Jauh sebelum istrinya meninggal akibat sakit, Luca sudah lebih dulu tahu dan bersiap diri menghadapi malapetaka itu. Memiliki kemampuan bisa melihat masa depan secara random membuatnya kalut sendiri.
Tapi tetap saja, meskipun mental sudah disiapkan jauh-jauh hari perihal kematian istrinya, ditinggal pergi selamanya oleh orang yang tercinta mampu memudarkan kewarasannya. Kematian Anastasya membawa Luca kepada krisis jiwa yang berat. Berhari-hari Luca mengurung diri dengan hanya menulis syair-syair yang malang.
Tulisannya sudah tentu tentang ratapan yang sedih, dibaliknya adalah bentuk protes kepada takdir yang dialaminya. Beruntung di kondisi emergensi Luca mendapat uluran tangan dari filsuf Cokro, orang terdekatnya, dia adalah ayah dari Anastasya. Dukungan psikologis terus diberikan filsuf Cokro terhadap Luca sampai masalah kesehatan jiwanya mulai stabil.
Bermula dari hobbynya akan sastra mengantarkan Luca bertemu dengan penyair Areale, seorang seniman besar di kota itu.
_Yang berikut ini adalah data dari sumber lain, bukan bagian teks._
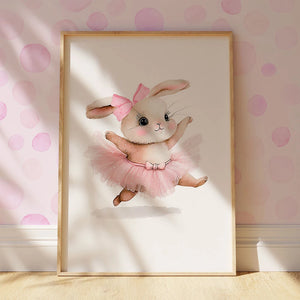 3pcs Cute Ballerina Bunny Ballet Canvas Posters Woodland Animal Print Painting Girls Room Decor Rabbit Wall Art Nursery Decor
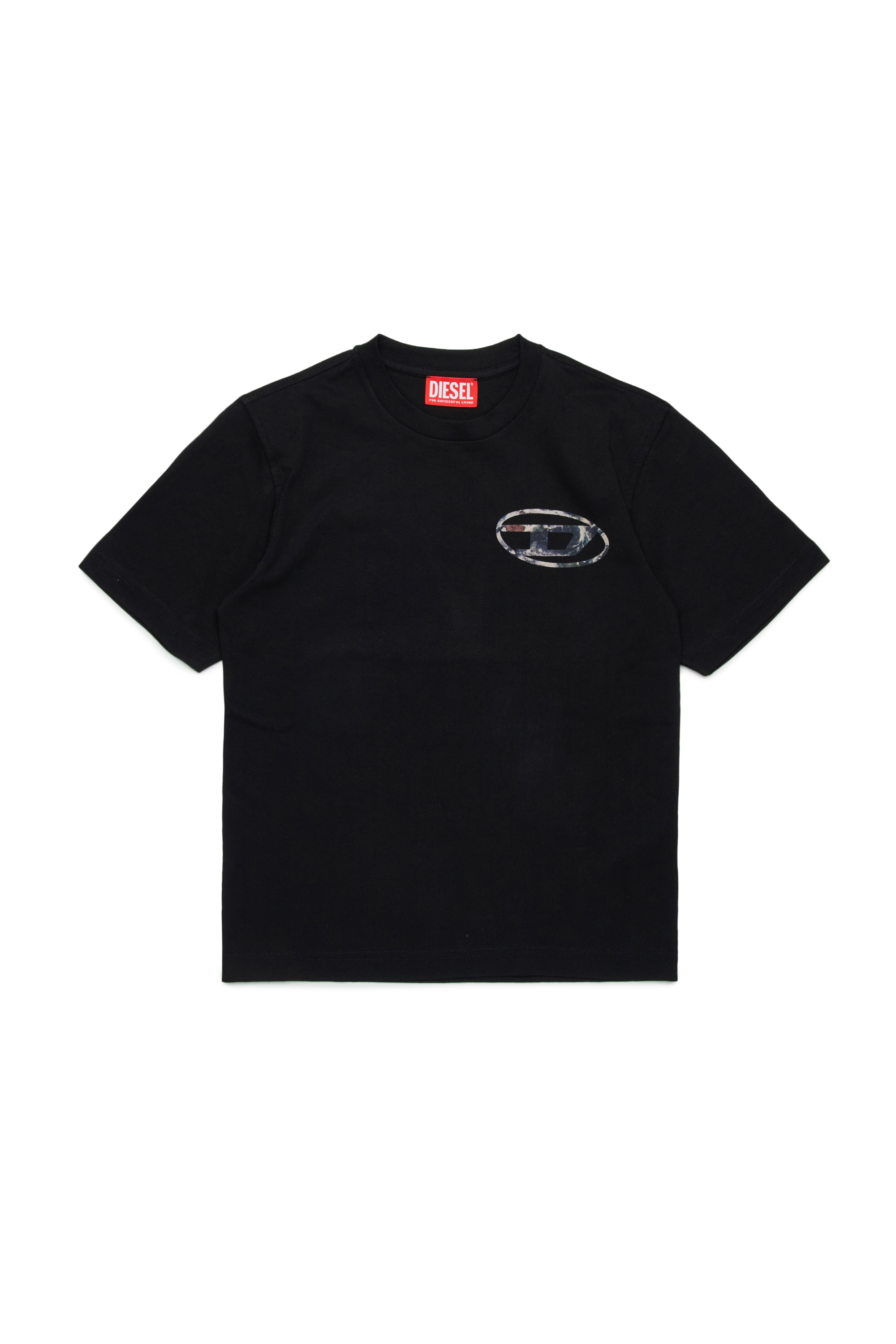 Diesel - TWASHL6 OVER, Homme T-shirt avec logo Oval D effet marbré in Noir - Image 1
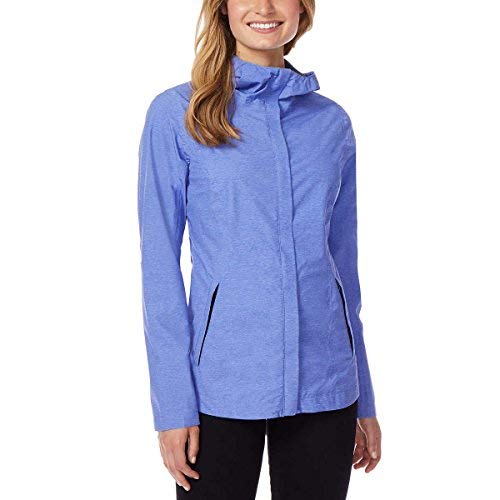 32 DEGREES Cool Womens Performance Rain Jacket Baja Blue Melange Small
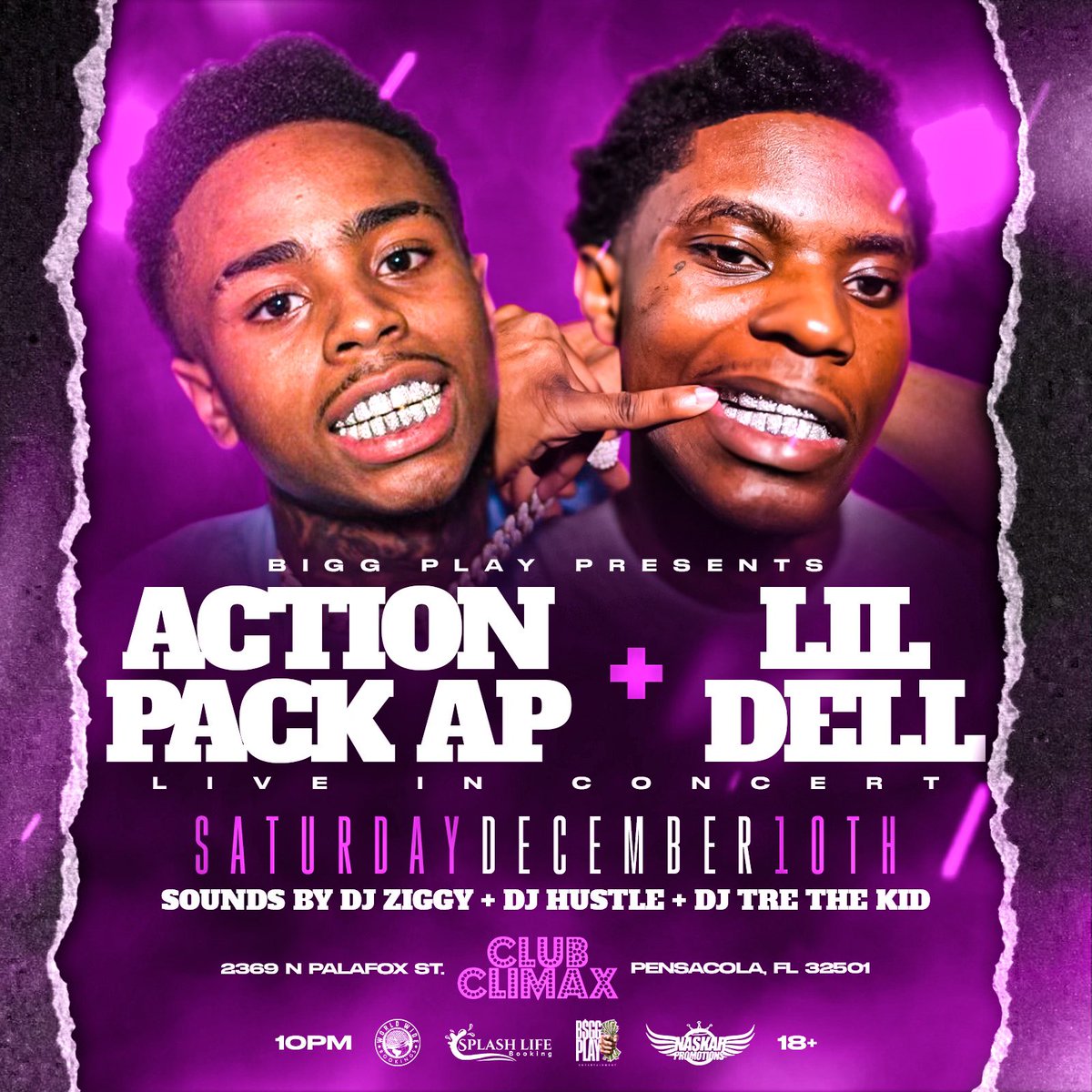 AllSplashThings's tweet photo. Saturday December 10th #pensacola 
@Actionpack_AP + @LilDell9 live at 
#ClubClimax Doors open 10pm 18+ 
#pensacolafl #actionpack #lildell 🌊 https://t.co/3dnXESZzVz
Puisi adalah pemecut energinya yang belakangan terkuras habis, perlahan Luca kembali bergirah ketika kata-kata dari puisi mampu mengisi gersang pada hatinya dan merubah itu menjadi harapan yang baru.
Meskipun hati perlahan telah terisi, namun tetap saja kesepian mampu membalikkan keadaan di waktu-waktu tertentu, misalnya saja dirumah yang sudah tak ada siapa-siapa lagi, dengan segenap kenangan masa lalu. Atau barang-barang bersejarah yang mengingatkan akan satu momen.
Sampai pada akhirnya Luca berkunjung kerumah Harman Bach, si pedagang mie. Keluarga Herman menyambut dan menjadi pendengar yang baik. Luca menceritakan kesedihannya tanpa spasi dan jeda, bahkan sudah seperti air yang mengalir, sama seperti sifat air yang senantiasa harus mengalir untuk mempertahankan kejernihannya. Sebab air yang mengendap akan keruh dan berbau.
Pemulihan kejiwaan Luca terbilang relatif cepat, sesuatu yang begitu cepat biasanya tak menjaminkan apapun selain kemungkinan. Namun, saat kesedihan kembali menyerangnya, Luca selalu biaa mengatasinya dengan cara menaikkan level cinta ketingkat yang lebih tinggi, yaitu mencintai sang pecinta, dengan begitu kini Luca mampu membawa kesentosaan ke dalam hidupnya.
Dari beberapa pertemuaanya dengan beberapa tokoh dan mahasiswa, Luca berpendapat, jika orang yang tidak dikenal saja bisa begitu peduli, apalagi tuhan. Dia membenarkan sendiri kesalahpahamannya itu.
Meski begitu, hati manusia tetap memiliki kekurangan disana-sini, hati tak selamanya bisa berdiri kokoh, bahkan mentari yang angkuh adakalanya juga harus tenggelam. Seperti halnya Luca, selama dia tetap hidup, selama itu pula cintanya untuk Anastasya juga tetap hidup. Dan masalah pun akan senantiasa mengguncangnya.
Keadaan akan benar-benar menjadi haru ketika rindu yang menuntut temu tak memberi izin untuk saling menyentuh kulit atau berpelukan.
Satu hal yang mampu melegakan Luca dari candunya yang membiru itu, adalah mengeluarkan semua hasrat dari hati yang terdalam, dengan menulis surat pada secarik kertas, dan tak ada yang lebih nikmat bagi Luca selain membaca ulang surat yang di tulisnya itu, saat dia telah selesai menuliskannya.
Perjuangannya untuk melepaskan kesedihan akhirnya menjadi modal untuk menerima tugas hidup sesudahnya, kemampuannya melihat masa depan itu dia alih fungsikan untuk melakukan kebaikan. Luca tidak ragu-ragu lagi untuk menatap kedepan.
Keputusannya sudah final, dia ingin menjadi pahlawan bagi kemalangan disekitarnya. Luca melepaskan diri dari kungkungan dunia, meskipun kemalangan, kegagalan, kemiskinan tetap satu paket dengannya, Luca percaya akan satu hal yang dijadikannya sebagai pegangan hidup, lantara kemujuran dunia tidak pernah dia dapatkan, maka berlimpahlah kepadanya nikmat akhirat yang lebih kekal.